Hours after a landmark court ruling Friday, the Turkish government confirmed that Istanbul’s Hagia Sophia will be reopened for worship after an 85-year hiatus.
The nearly 1,500-year-old architectural gem will be transferred to the state Religious Affairs Directorate under a presidential decree, according to a Friday announcement in the Official Gazette.
Earlier Friday, ruling on a petition filed by an Istanbul NGO, Turkey’s Council of State overturned a 1934 Cabinet decree that had turned Hagia Sophia into a museum.
The court ruled that Hagia Sophia was owned by a foundation established by Sultan Mehmet II, also known as Mehmet the Conqueror, and was presented to the community as a mosque. According to the ruling, Hagia Sophia was defined as a “mosque,” a status that cannot be legally changed.

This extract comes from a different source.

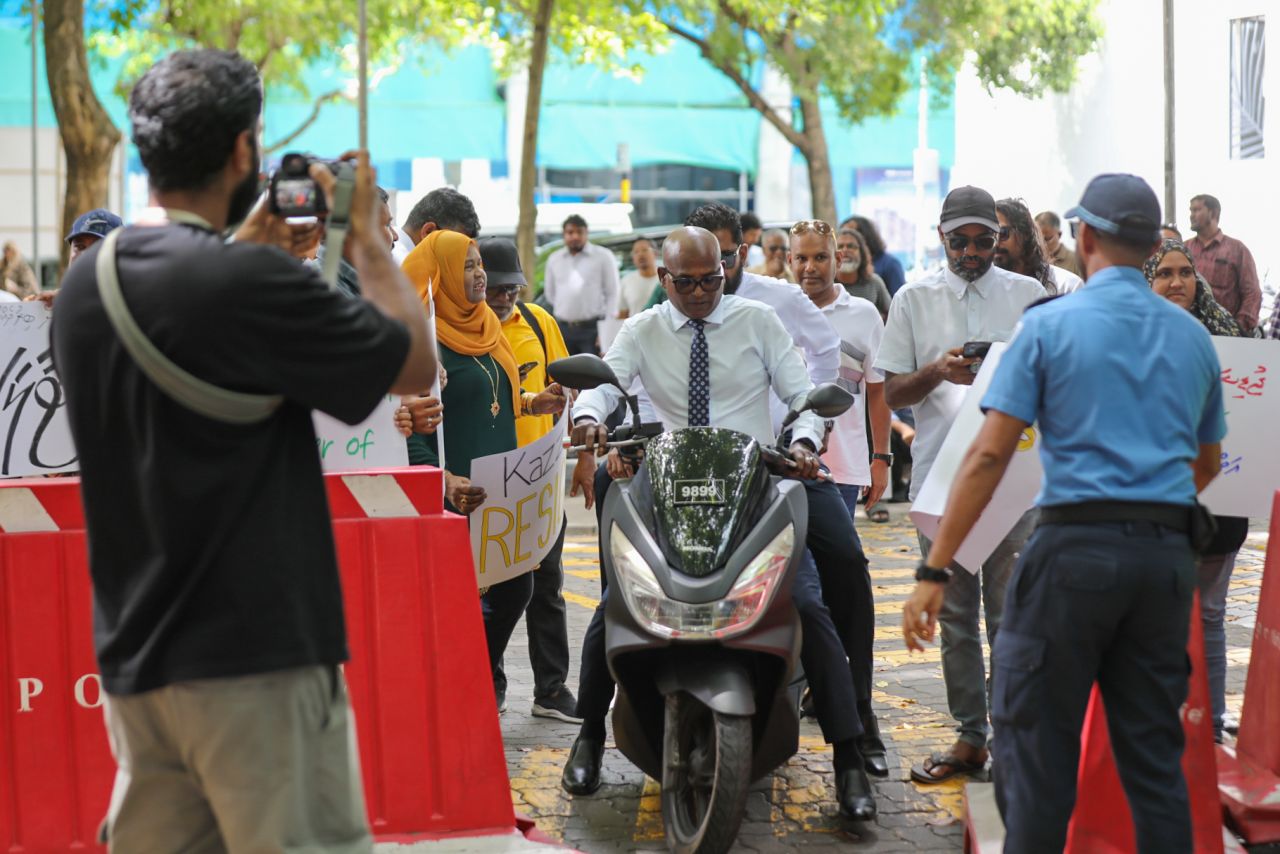 ފަނޑިޔާރުންގެ ދިފާއުގައި ކުރި މުޒާހަރާ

After centuries of use as a church under the Byzantine Empire, in 1453 Hagia Sophia was converted into a mosque by Mehmet II following his conquest of Istanbul.
In 1935, Hagia Sophia was turned into a museum.

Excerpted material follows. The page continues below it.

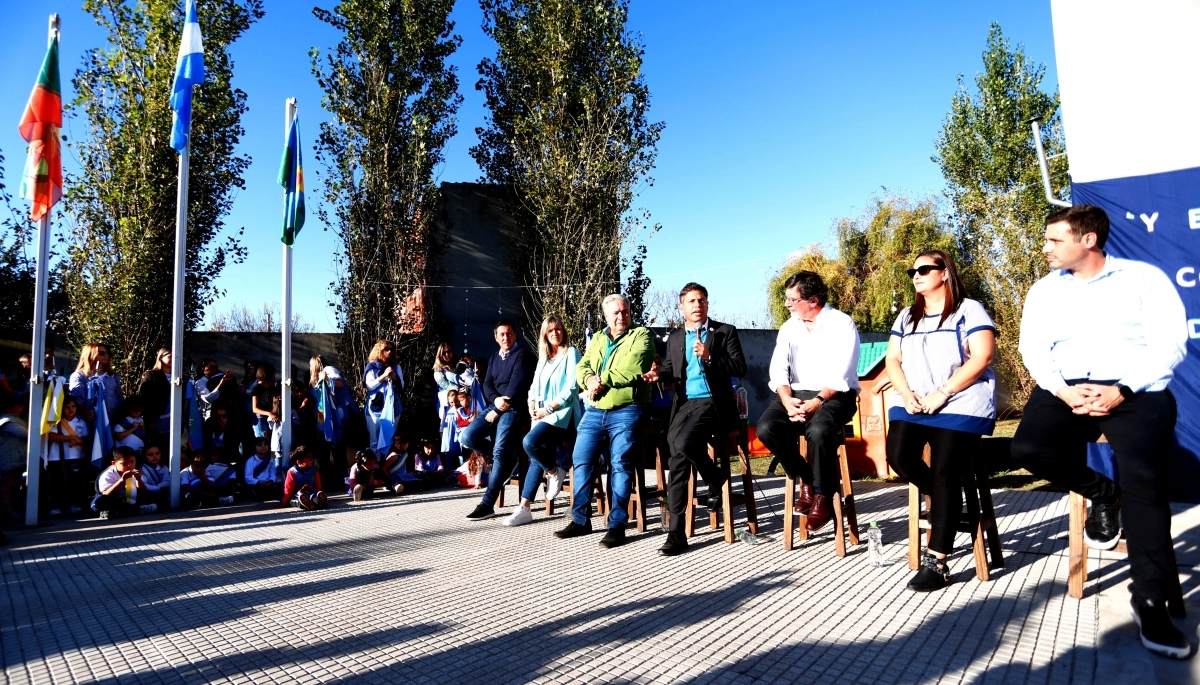 Kicillof y Sileoni inauguraron el primer jardín maternal público de Salto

Posting his decree on social media today, President Recep Tayyip Erdogan expressed best wishes for the change, which he has long advocated.

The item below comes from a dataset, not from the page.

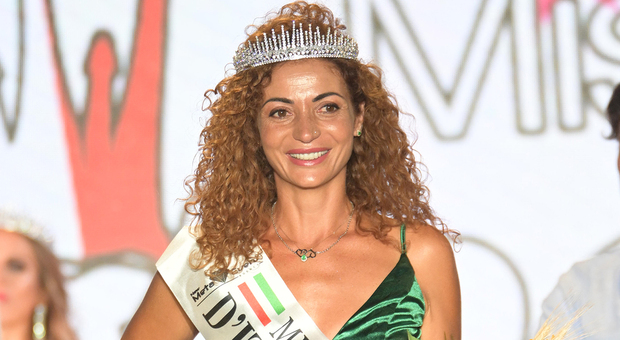 Una pugliese vince il concorso "Miss Reginetta d’Italia Over Lady"/Ecco chi è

While details of the change are not yet known, Turkish officials have pointed out that many famed houses of worship, such as Paris’ Notre Dame and Istanbul’s Blue Mosque, are also open to visitors.
“Opening up Hagia Sophia to worship won’t keep local or foreign tourists from visiting the site,” Ibrahim Kalin, Erdogan’s spokesman, told Anadolu Agency in an interview this week.
Turkey is home to people of many faiths who can freely exercise their religions, he added.